シャーマンの血筋印伝織之助は恋愛不能男。婚約者と別れた織之助と出会い、縁を結んだ美山くくり。平凡に波風なく暮らしたかったくくりだが、織之助の一所懸命な姿に惹かれていく。
『逃げるは恥だが役に立つ』の大ヒットや昨今の世相からか、女性向け作品で恋愛にクールな男性が増えました。恋愛が趣味化し、物語上恋愛・結婚に理由が必要な場合も増えました。織之助は家を継ぐことを強く願っており、相手のことはあまり見えていませんでした。くくりは波風なく暮らしたい。
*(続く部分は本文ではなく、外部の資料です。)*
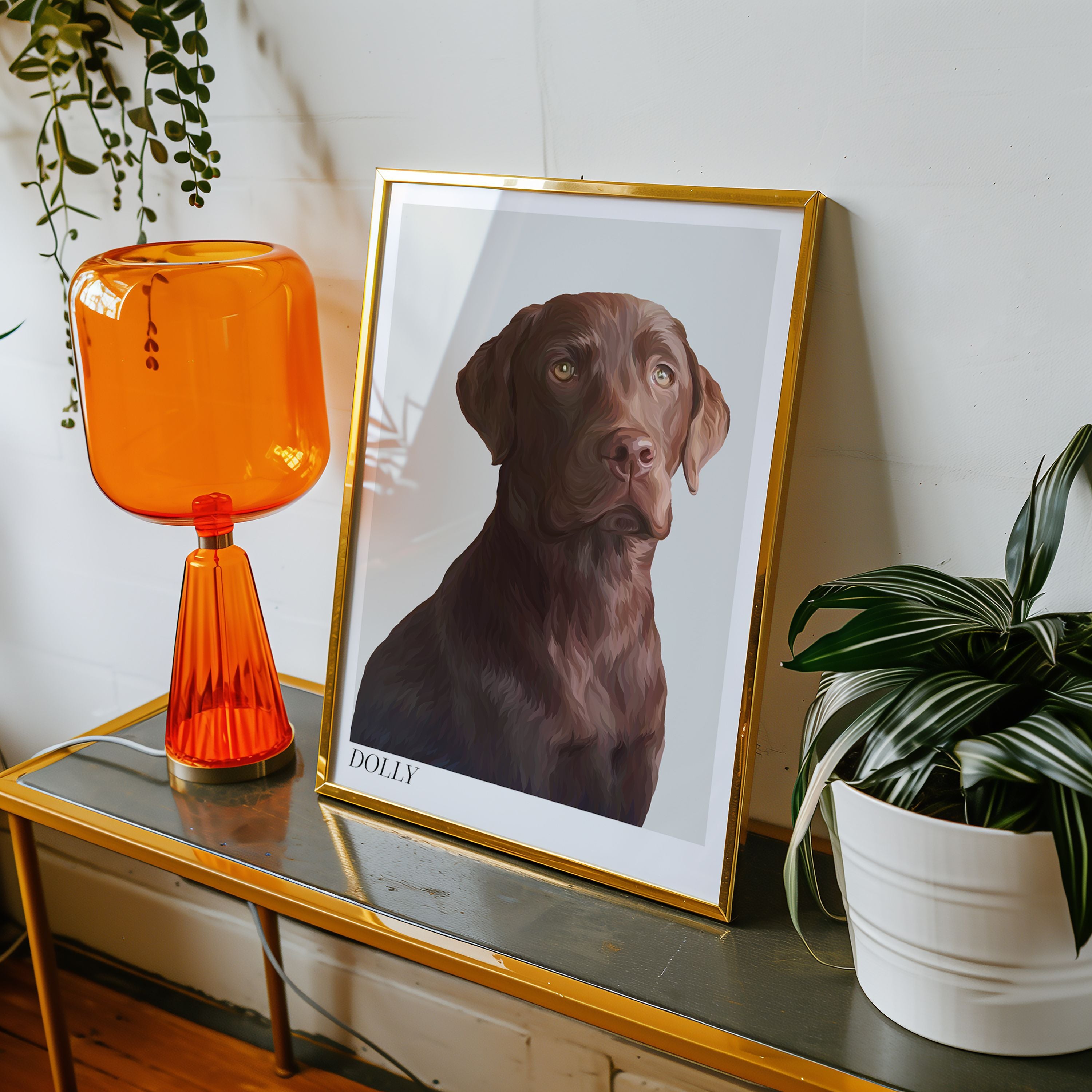 A framed Bordered Detailed Pet Portrait of a brown Labrador displayed on a table with an orange lamp and a plant in the background.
動機がちぐはぐな2人ですが、少しづつ心を通わせていく流れは、初々しくていいですね。元婚約者の五十鈴や織之助の母など周りの人物も暖かく、ぎこちない2人を応援してくれます。
京都の神社文化を取り扱っていて、寺社仏閣・京都が好きだと出てくるワードを細かく調べるだけでも楽しめます。元ネタの懸想文売りや納涼床、曲水の宴知ってると楽しみどころが増えます。個人的にくくりが平安装束纏うシーンがなんか好きです。物語上の必要性薄くても、絵的に映える展開は必要ですよね。